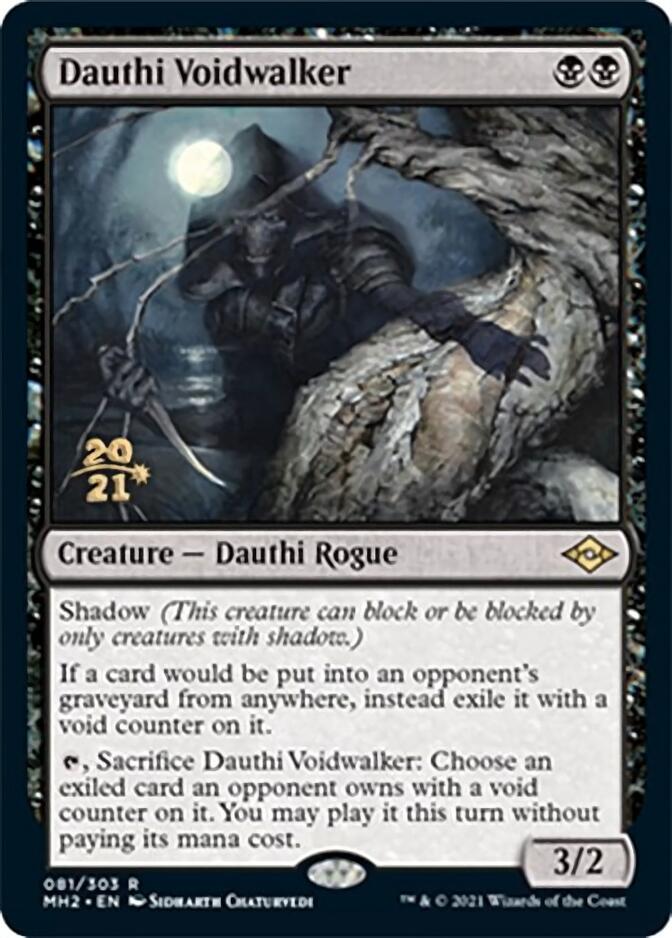 Dauthi Voidwalker [Modern Horizons 2 Prerelease Promos] | Mega City Incorporated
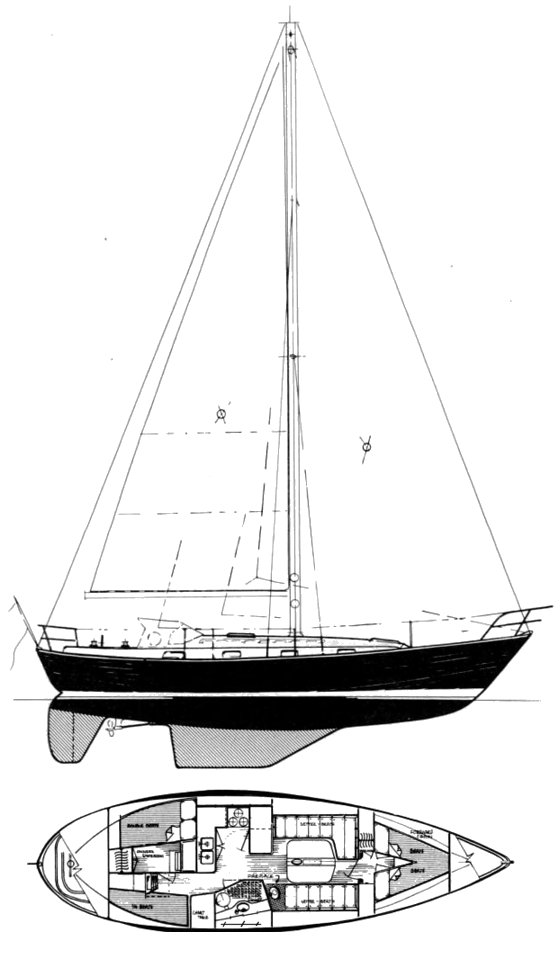 Drawing of Fast Passage 39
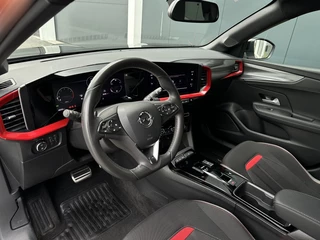Opel Mokka Opel Mokka 1.2 GS Line M22 NAVI 360 CAMERA CLIMATE LEDER LED SPORTVELGEN - afbeelding nr 10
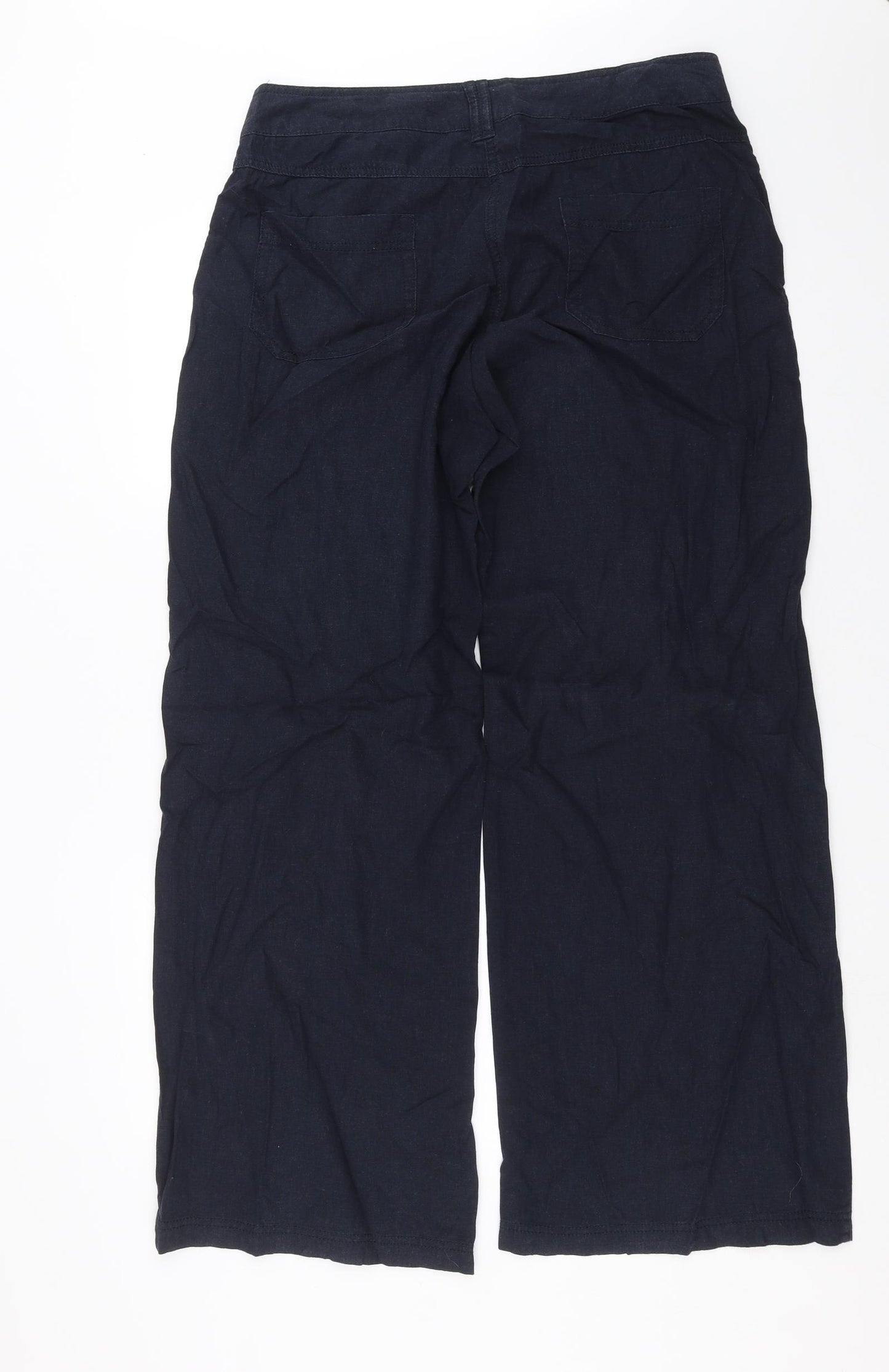 NEXT Womens Blue   Trousers  Size 36 in L32 in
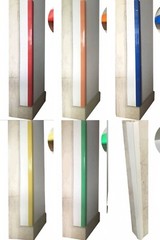 PVC Plastic Corner Protector 90 Degree Angle Edge Guard for Wall Stairs 47 in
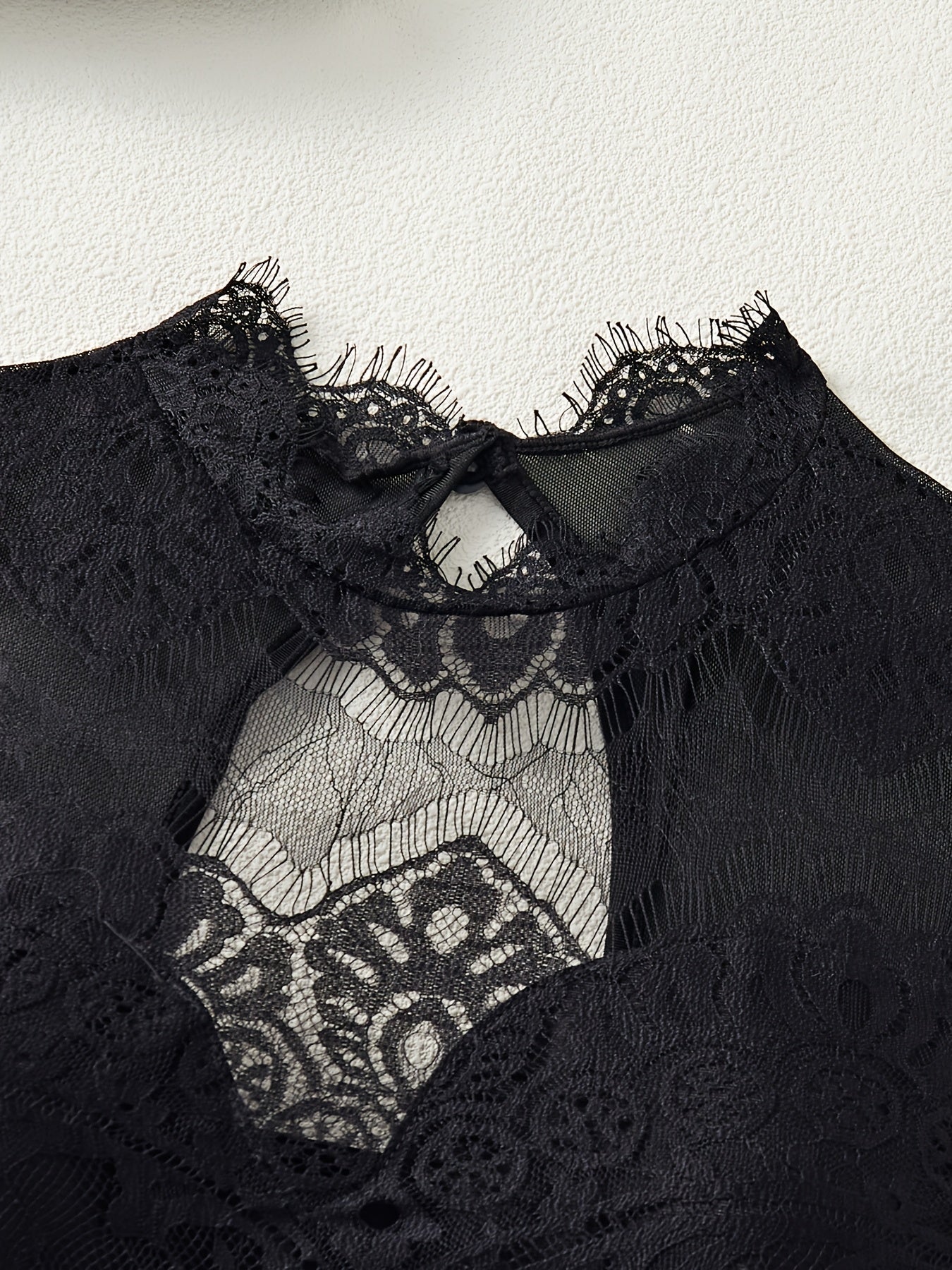 Women's Lace Sexy Pajama Onesie Large Size Nightwear Sleepwear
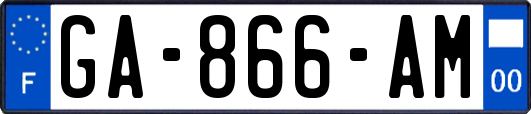 GA-866-AM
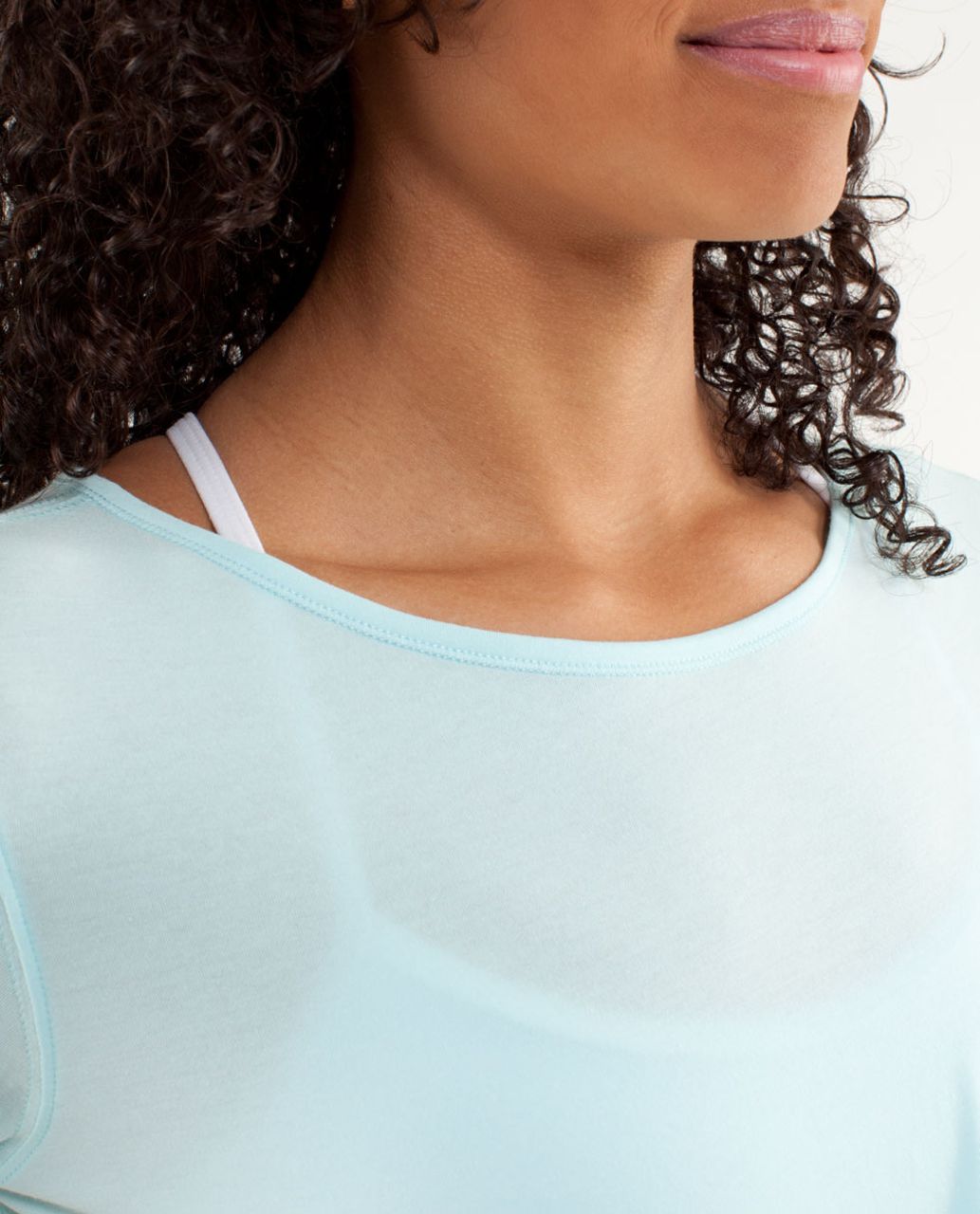 Lululemon Devotion Long Sleeve Tee - Aquamarine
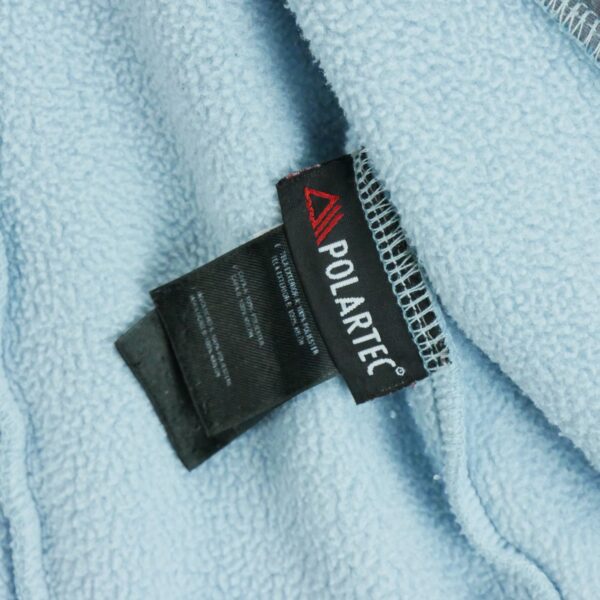 Veste polaires femme manches longues bleu clair The North Face Col Montant QWE1337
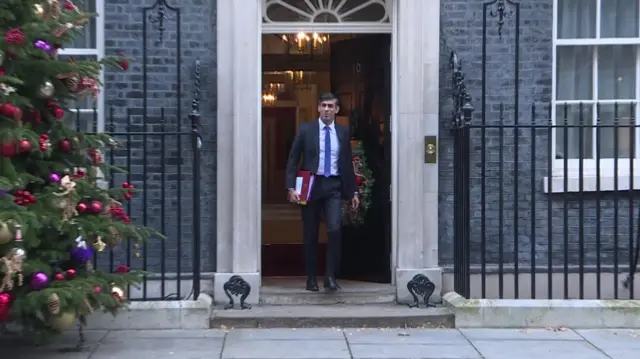 Sunak leaving No 10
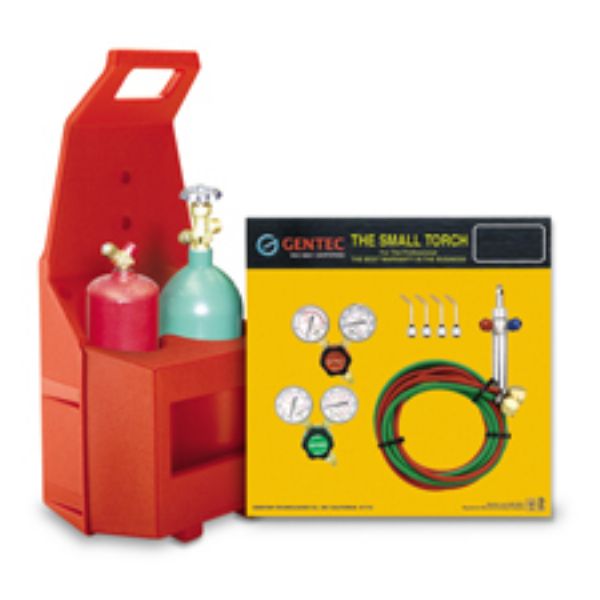 kit jewelry for tool Gentec 227.00 Small  Caddy  Oxy Torch SOL Kit, Complete
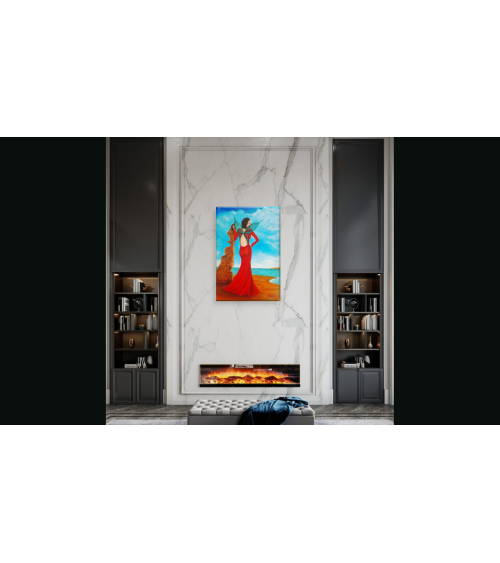 Mythomania – Peinture à l'huile PHYBRA | LEV Arts Contemporains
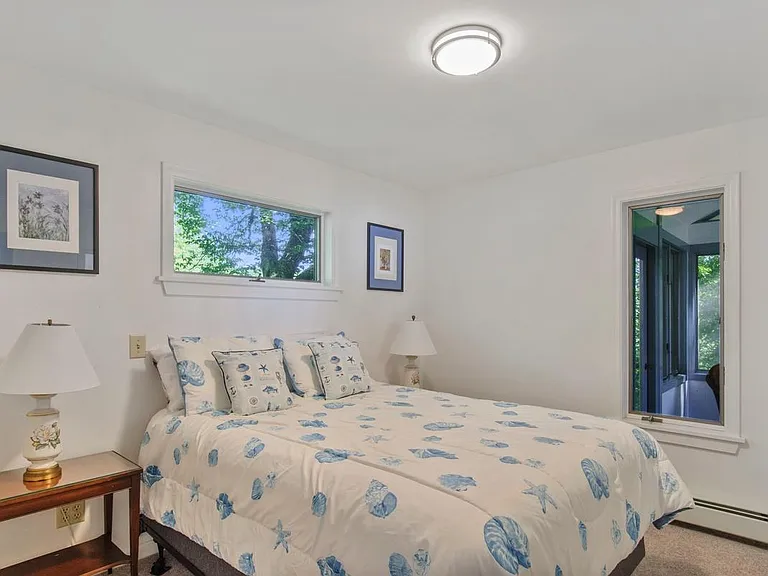 First floor bedroom and bath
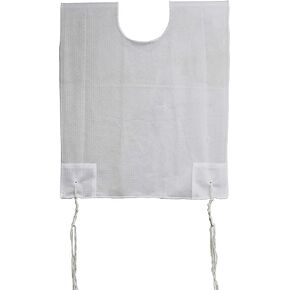 Quality Mesh Tzitzit Garment Kids and Adults 100% Polyester Sports Certified Kosher Net Tzitzis Sweat Free by Zion Judaica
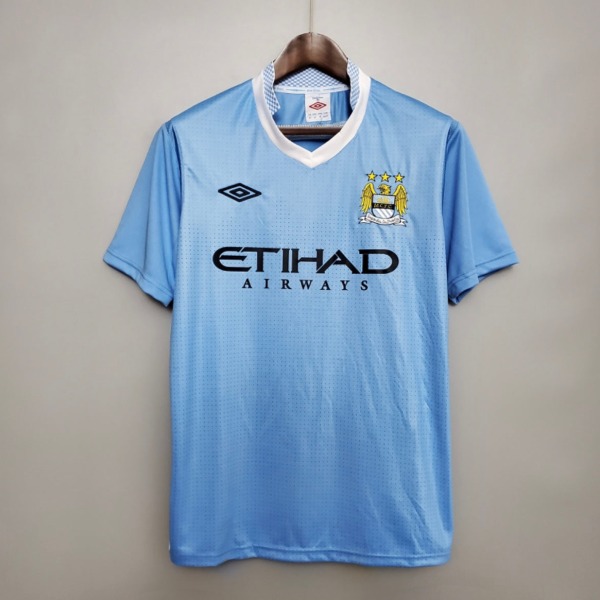 Maillot Manchester City Domicile 2011/12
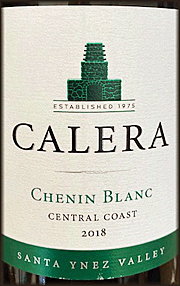 Calera 2018 Chenin Blanc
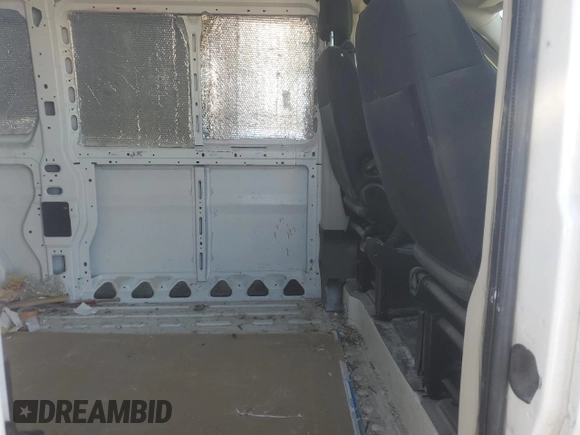 2015 Ram ProMaster Cargo with VIN 3C6TRVBG6FE520074, listed as a Copart auction lot 46472965 with 150,918 mi miles and Salvage Title. Bid and sale history available at DreamBid. Image 11.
-------------------------
» TASK REQUIREMENTS
Reproduce only the lines from the first line of the listing above up to and including the line that holds "First floor bedroom and bath". Omit the pictures.

» RESULT
 Dauthi Voidwalker [Modern Horizons 2 Prerelease Promos] | Mega City Incorporated
 Drawing of Fast Passage 39
Opel Mokka Opel Mokka 1.2 GS Line M22 NAVI 360 CAMERA CLIMATE LEDER LED SPORTVELGEN - afbeelding nr 10
 NEXT Womens Blue   Trousers  Size 36 in L32 in
 PVC Plastic Corner Protector 90 Degree Angle Edge Guard for Wall Stairs 47 in
 Women's Lace Sexy Pajama Onesie Large Size Nightwear Sleepwear
 GA-866-AM
 Lululemon Devotion Long Sleeve Tee - Aquamarine
 Veste polaires femme manches longues bleu clair The North Face Col Montant QWE1337
 Sunak leaving No 10
 kit jewelry for tool Gentec 227.00 Small  Caddy  Oxy Torch SOL Kit, Complete
 Mythomania – Peinture à l'huile PHYBRA | LEV Arts Contemporains
 First floor bedroom and bath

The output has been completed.